When a culture believes something deeply (called a cultural meme) nothing can dislodge it.  Thus, examining Robin Williams' suicide, media commentator after commentator derives from it the need to seek treatment for depression and to enter recovery, both of which Williams did.  The logic seems to be, "Although he died following that prescription, it would have been worse if he didn't!"

Treatment.  According to recent articles in the Los Angeles Times and the New York Times, Robin Williams was thoroughly enmeshed in treatment.  According to the NY Times, Williams "had recently been treated for severe depression."  He seemingly had been treated for depression for many years.  According to the LA Times, "Last month, it went public that Williams was taking part in Hazelden's Lodge 'experience' in Minnesota. The facility bills the program as a place where people who are living sober can come to touch their 12-step bases."

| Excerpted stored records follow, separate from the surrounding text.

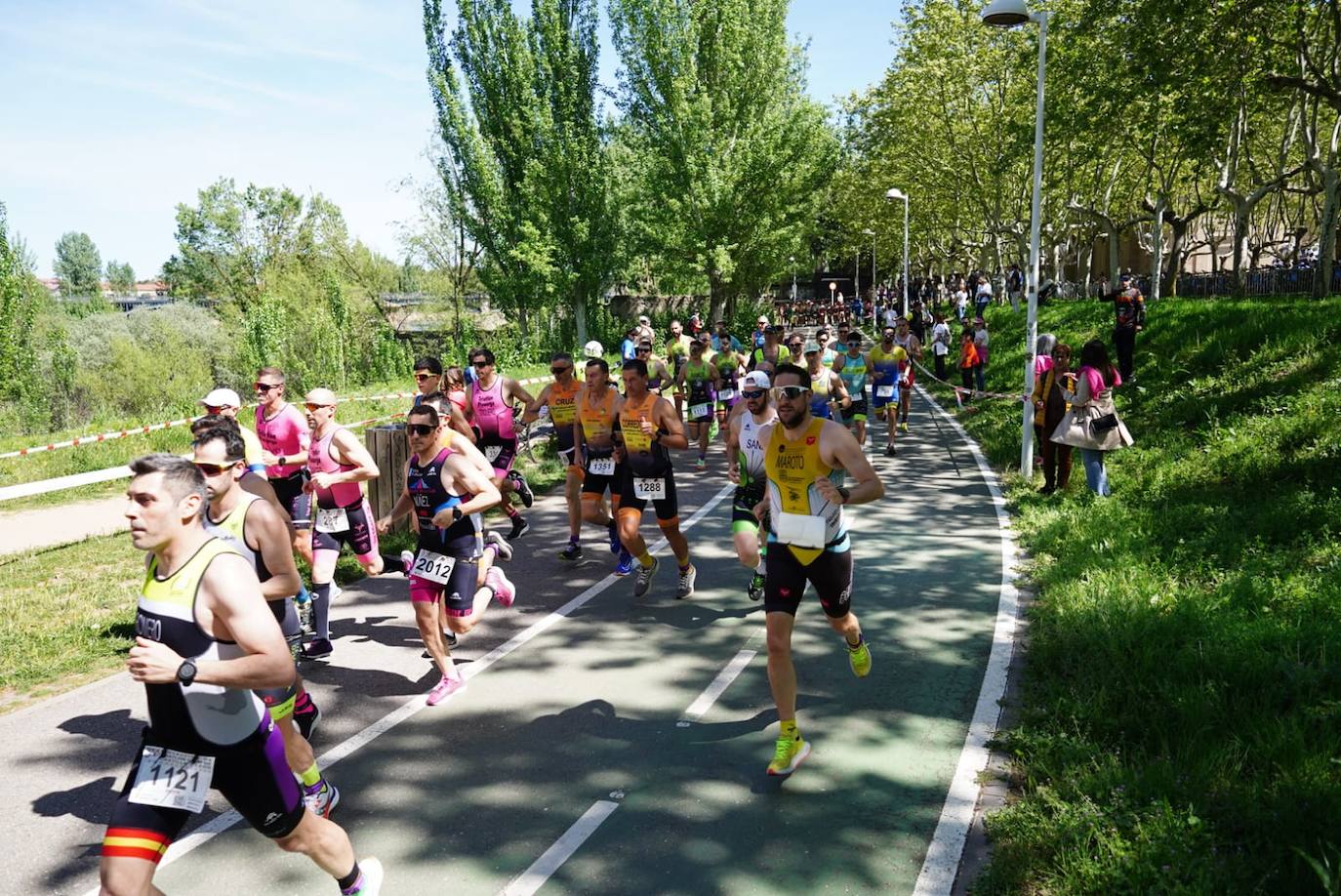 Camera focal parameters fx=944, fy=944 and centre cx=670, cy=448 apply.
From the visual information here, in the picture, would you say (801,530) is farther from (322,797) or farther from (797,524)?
(322,797)

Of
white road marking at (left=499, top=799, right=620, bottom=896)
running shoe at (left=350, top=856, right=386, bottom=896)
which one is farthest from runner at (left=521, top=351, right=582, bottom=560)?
running shoe at (left=350, top=856, right=386, bottom=896)

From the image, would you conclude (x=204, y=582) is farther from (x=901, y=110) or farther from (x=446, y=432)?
(x=901, y=110)

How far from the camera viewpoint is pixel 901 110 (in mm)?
34438

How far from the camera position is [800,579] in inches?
208

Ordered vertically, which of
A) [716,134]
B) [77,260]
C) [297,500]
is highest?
[77,260]

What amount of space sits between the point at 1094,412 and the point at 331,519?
25.5 ft

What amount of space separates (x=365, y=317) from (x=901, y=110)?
28759 mm

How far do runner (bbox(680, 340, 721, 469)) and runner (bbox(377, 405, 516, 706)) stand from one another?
8.86 meters

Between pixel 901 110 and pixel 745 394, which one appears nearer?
pixel 745 394

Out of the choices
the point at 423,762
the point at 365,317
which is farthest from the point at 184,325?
the point at 423,762

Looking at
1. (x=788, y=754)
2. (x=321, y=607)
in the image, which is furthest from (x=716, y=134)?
Answer: (x=788, y=754)

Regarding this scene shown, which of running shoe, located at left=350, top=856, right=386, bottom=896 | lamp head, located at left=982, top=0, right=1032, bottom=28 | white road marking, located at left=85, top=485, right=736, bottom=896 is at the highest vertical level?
lamp head, located at left=982, top=0, right=1032, bottom=28

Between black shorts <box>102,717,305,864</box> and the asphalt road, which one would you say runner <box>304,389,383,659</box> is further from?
black shorts <box>102,717,305,864</box>

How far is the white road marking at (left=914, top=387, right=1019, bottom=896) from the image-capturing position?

So, mental health and media commentators deduce without hesitation from Williams' case that, if you are depressed, or have substance issues, you should go to treatment.  How does that work?  I'm missing it.

Abstinence.  The LA Times details Williams' substance history.  I might say, as someone who has dealt with hundreds of substance abusers and addicts, Williams' was not a serious case of drug addiction

According to the LA Times, Williams quit cocaine and drinking in 1982, and never used cocaine again. He consulted with a doctor at that time,

"It was a strange thing because my managers sent me to this doctor because they said I had this cocaine problem," Williams said. "He said, 'How much do you do?' And I said, 'A gram every couple of days,' and he said, 'You don't have a problem.'

"That was before they'd started to acknowledge it was psychologically addicting. And then at a certain point you realize, maybe it is. Physically I'm not craving it, but mentally I'm really thinking it might be a good idea." . . . .

Williams never went back to cocaine: "I knew that would kill me," he told the Guardian.

Williams quit both substances on his own, out of concern for the impending birth of his son.

Okay, Williams could quit cocaine, and I'm glad for him. But he seems to have had a heightened sensibility about the dangers of the drug.  I have known many, many more serious cocaine users, almost none of whom died due to their use.

As to drinking, Williams remained largely abstinent.  According to the LA Times, Williams

stayed sober for two decades, until he was filming on location in Alaska in 2003.

"I was in a small town where it's not the edge of the world, but you can see it from there, and then I thought: drinking," Williams told the Guardian in 2010. "I just thought, hey, maybe drinking will help. Because I felt alone and afraid. It was that thing of working so much, and going ... maybe that will help."

From other comments he has made, Williams was not a moderate drinker.  Nonetheless, he may have found that drinking did in some way help--maybe that was why he didn't want to quit, because drinking did something for him that he needed. Perhaps it relieved his suicidal urges. In any case, "It was three years until he entered the Hazelden residential rehab in Springbrook, Ore. It reportedly took a 2006 family intervention to get him there, and in 2010 he said he was still going to Alcoholics Anonymous meetings weekly."  (His recovery didn't save his second marriage, which ended in divorce in 2008.)

Okay, Williams could quit drinking too.  And perhaps it WAS better for him to do so.  But his commitment to abstinent recovery in the years preceding his suicide, with a refresher course a month before he died, is not reassuring evidence for that proposition. 

Summary.  American mental health specialists are convinced that treating depression and quitting drinking are crucial to mental health.  But Robin Williams is not the case to prove that point. Quite the contrary.  Here I outline how America's commitment to treating mental illness has not produced positive results, and here how abstinence can be unhealthy.

Stanton Peele has been empowering people around addiction since writing, with Archie Brodsky, Love and Addiction in 1975. He has developed the on-line Life Process Program. His new book (written with Ilse Thompson) is Recover! Stop Thinking Like an Addict with The PERFECT Program.  You can follow Stanton on Twitter and Facebook.  His website is peele.net.

Two comments:

Anonymous: "The World loves Pollyanna, simplistic answers." Me: Yes, I wrote this piece in response to the happy patina everyone tries to impose on what Williams' story tells us.

Anonymous 2: "Honestly, this is the weirdest article I've ever read." (This is the entire comment.)